● PROVIDED DATA
┌──

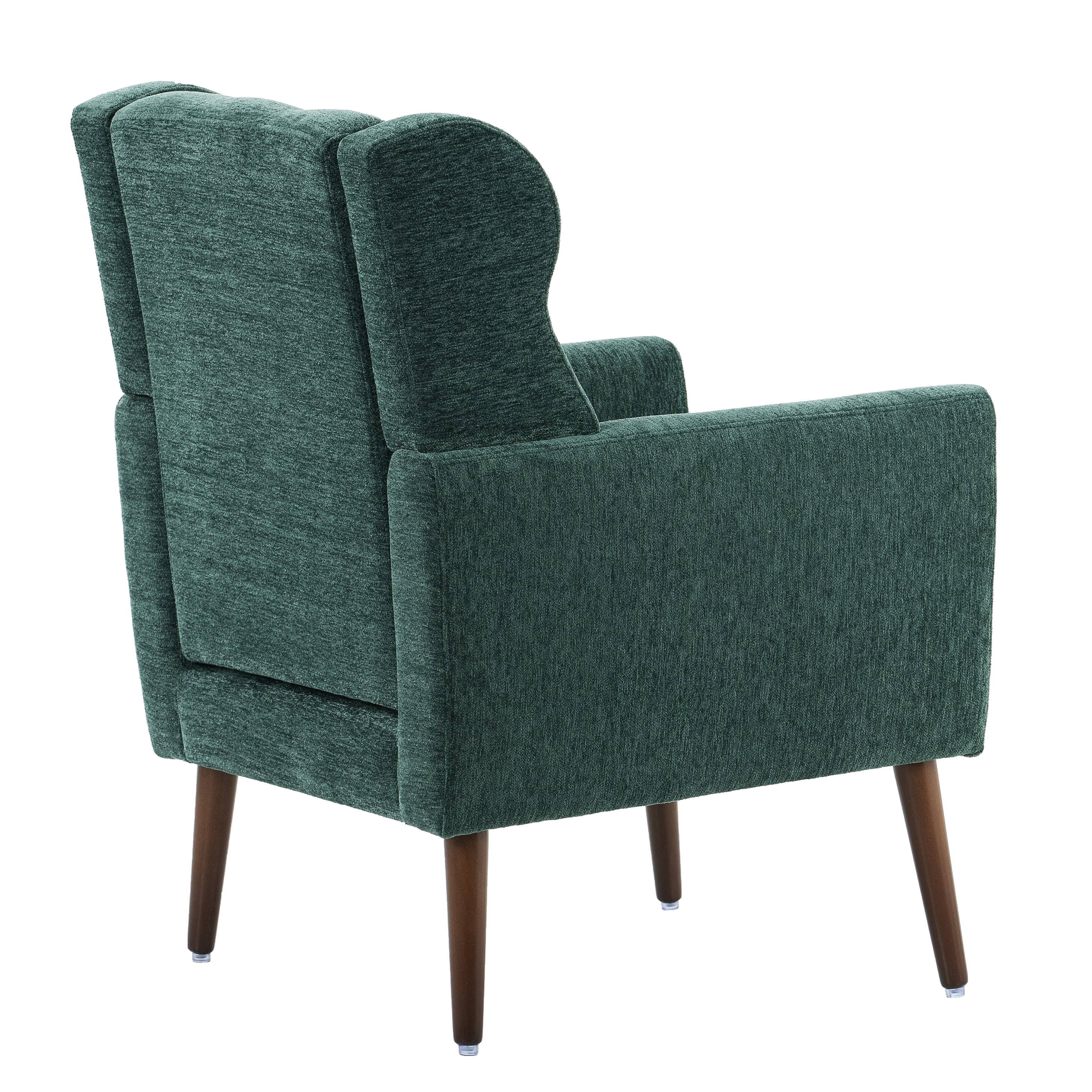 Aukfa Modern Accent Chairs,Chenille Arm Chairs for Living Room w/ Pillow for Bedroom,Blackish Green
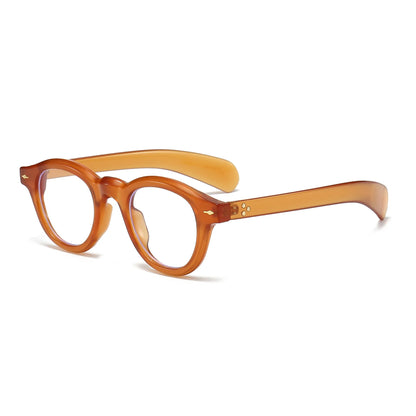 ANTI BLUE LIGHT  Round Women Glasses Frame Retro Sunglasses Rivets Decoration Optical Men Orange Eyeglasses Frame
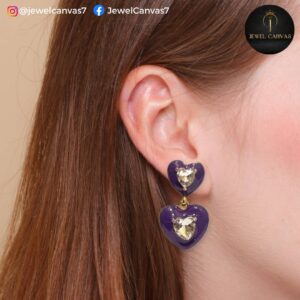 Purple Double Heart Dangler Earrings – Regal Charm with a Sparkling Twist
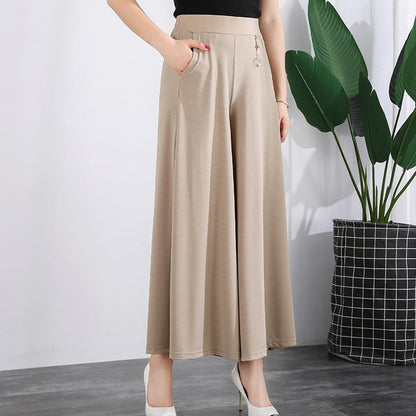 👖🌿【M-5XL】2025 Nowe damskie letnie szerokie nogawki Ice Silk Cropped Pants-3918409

└──

● WHAT THE TASK REQUIRES
Please retype the material in full, exactly as it reads, apart from the images.

● RESULT OF THIS TASK
 Aukfa Modern Accent Chairs,Chenille Arm Chairs for Living Room w/ Pillow for Bedroom,Blackish Green
 ANTI BLUE LIGHT  Round Women Glasses Frame Retro Sunglasses Rivets Decoration Optical Men Orange Eyeglasses Frame
 Purple Double Heart Dangler Earrings – Regal Charm with a Sparkling Twist
 👖🌿【M-5XL】2025 Nowe damskie letnie szerokie nogawki Ice Silk Cropped Pants-3918409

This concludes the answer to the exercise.